The European Commission has presented a comprehensive reform package called ‘Simplification Omnibus’. The aim of this omnibus proposal is to bundle and simplify existing regulations in the area of sustainability – in particular reporting and supply chain regulations. These guidelines are part of the ‘Green Deal’. This started out as an ambitious sustainability project, but became a bureaucratic nightmare. The abundance of regulations and the multitude of data points required pushed numerous companies to their limits. This approach to regulation has therefore been increasingly criticised, particularly by Mario Draghi in his report on strengthening the EU’s competitiveness, as well as by business associations in major industrialised countries. According to Commission estimates, the new measures could now relieve the economy of 6.3 billion euros in administrative costs.
A return to reason
One key change concerns the EU’s Corporate Sustainability Reporting Directive (CSRD). The European Commission has proposed a drastic reduction in the number of companies required to report. Only 20 per cent of the companies originally affected will still have to continue providing sustainability reports. In addition, the number of data points to be reported is to be reduced and the requirements for the external auditing of companies’ sustainability reports are to be eased.
The Corporate Sustainability Due Diligence Directive (CSDDD) is also undergoing significant changes. These include, for example, a restriction of the scope of the due diligence. For example, only direct suppliers would now have to be included in the risk analysis, and not the entire supply chain as before. Provisions on civil liability have been completely dispensed with and the fine system has been made more proportionate. Implementation of the CSDDD has also been postponed by a year. From 2029, the directive would then only apply to companies with more than 1,000 employees and a global net annual turnover of more than €450 million.

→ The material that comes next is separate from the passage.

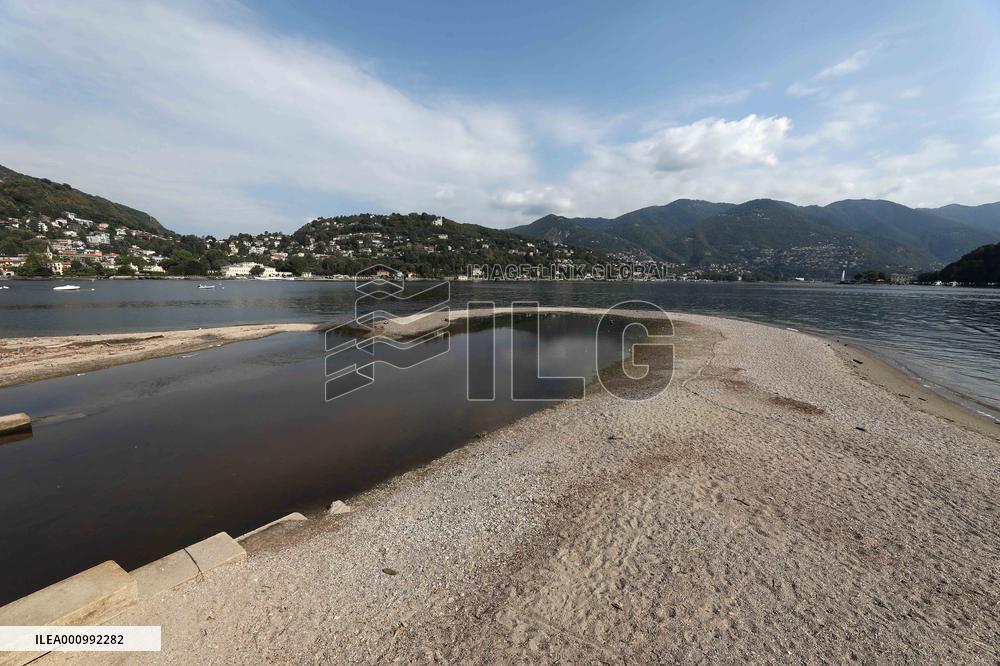 ITALY-LAKE COMO-LOW LEVEL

Further simplifications are planned for the Taxonomy Regulation and the Carbon Border Adjustment Mechanism. This Omnibus Package must now pass through the legislative process. The European Parliament and the Council of the European Union must agree on a final draft before the new regulations can be transposed into national law. Until then, the European Commission has temporarily suspended the obligations for EU member states to implement the CSRD and CSDDD.
Omnibus and the consequences for Switzerland
In Switzerland, regulations on human rights and environmental due diligence and transparency were introduced as part of the indirect counter-proposal to the Responsible Business Initiative. Taking into account the changes in the Omnibus package, Swiss regulation is in line with the EU approach and even goes further in the area of child labour. The Federal Council has been considering a further development of these rules for some time. In October 2023, for example, it conducted a consultation on the extension of reporting requirements. However, the new Responsible Business Initiative is already outdated before it is submitted, as it is closely aligned with the original version of the CSDDD, which is now being revised by the Omnibus Regulation.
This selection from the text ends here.